Thursday, May 31, 2007

CPPS Press Statement on Lina Joy's Judgment

The Centre for Public Policy Studies (CPPS) views with deep concern the majority decision made yesterday by the Federal Court, that Lina Joy's religion of Islam would not be removed from her identity card. According to the Judgment, the law therefore does not officially recognize Lina Joy's conversion from Islam to Christianity.

The Federal Constitution of Malaysia as supreme law of the land provides a system that affirms justice for Muslims and non-Muslims respectively. Article 11, for example, guarantees that all Malaysians are free to practice and profess the religion of their choice. The Civil Courts are given the jurisdiction to uphold the rights guaranteed to all citizens in the Federal Constitution.

The Federal Court decision yesterday, however, does not seem to uphold this fundamental right that should be unequivocally provided for all citizens, according to universal principles of human rights. It also goes against the grain of Islam Hadhari, one of its principles being to uphold a "free and liberated people", a developmental policy by the Government.
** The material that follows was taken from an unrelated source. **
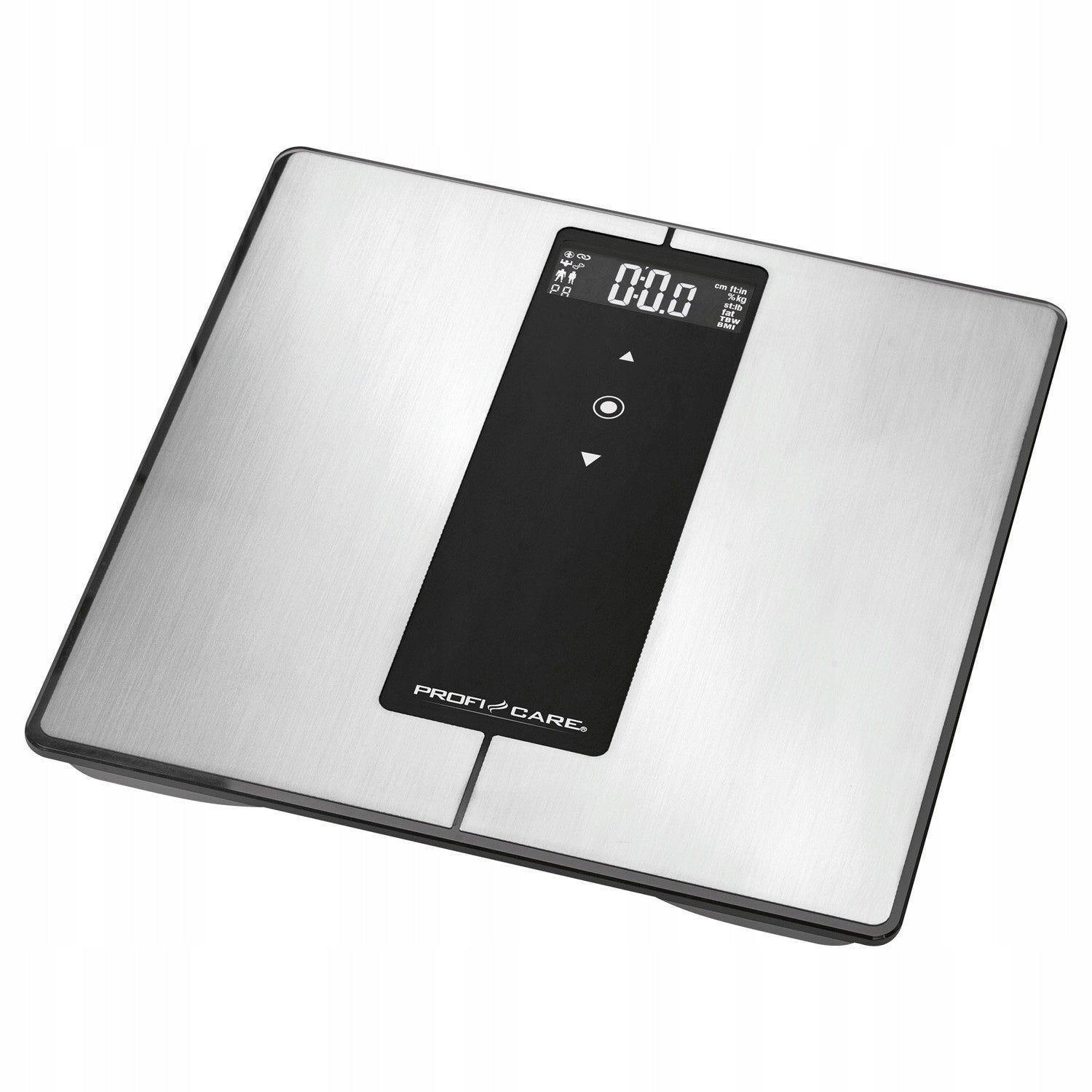 DIAGNOSTIC SCALE WITH BLUETOOTH 9 IN 1 PROFICARE PC- Packaging status original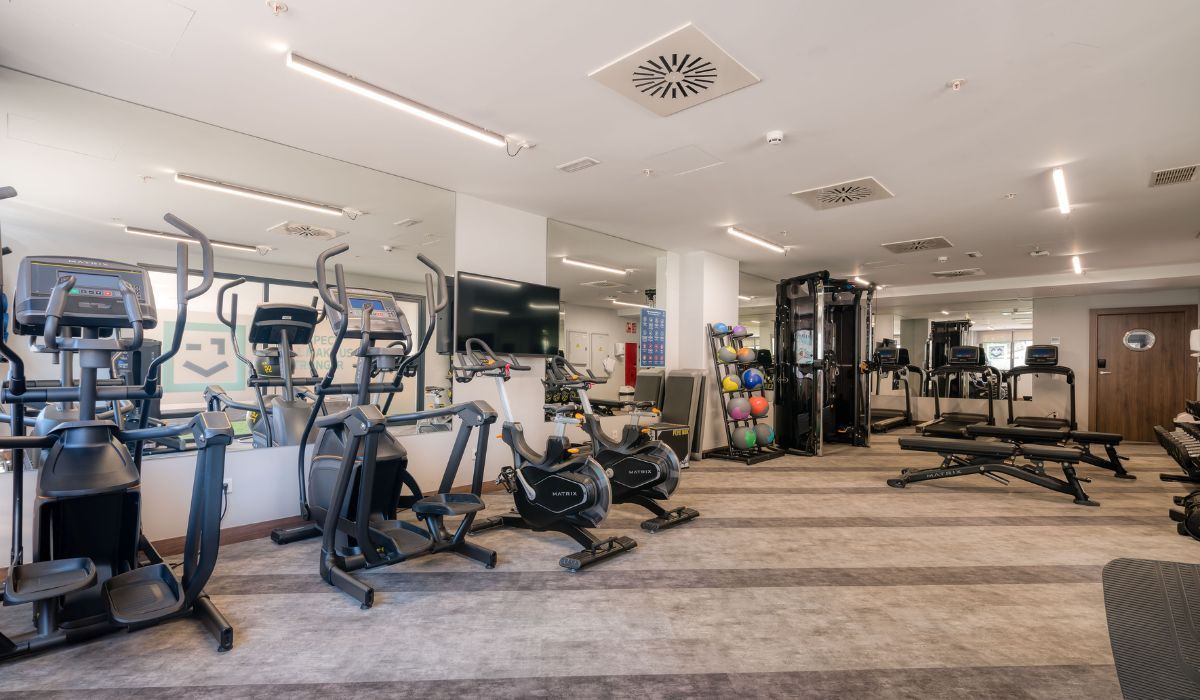 Residencia Livensa Living Salamanca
The Judiciary is given the responsibility and duty of protecting fundamental liberties of all citizens, equal under the law. The CPPS calls on the judiciary to reclaim its role of defending the Federal Constitution.

The strong dissenting judgment indicates disagreement at the highest level and points to the urgent need to re-address the issue. Clear legal definitions must also be made to ensure such doubts, confusion and disagreement does not again arise.

That Lina Joy can no longer freely profess, practice and live out the religion of her choice marks detrimental for a nation that claims it is a progressive state well on its way to becoming a developed nation.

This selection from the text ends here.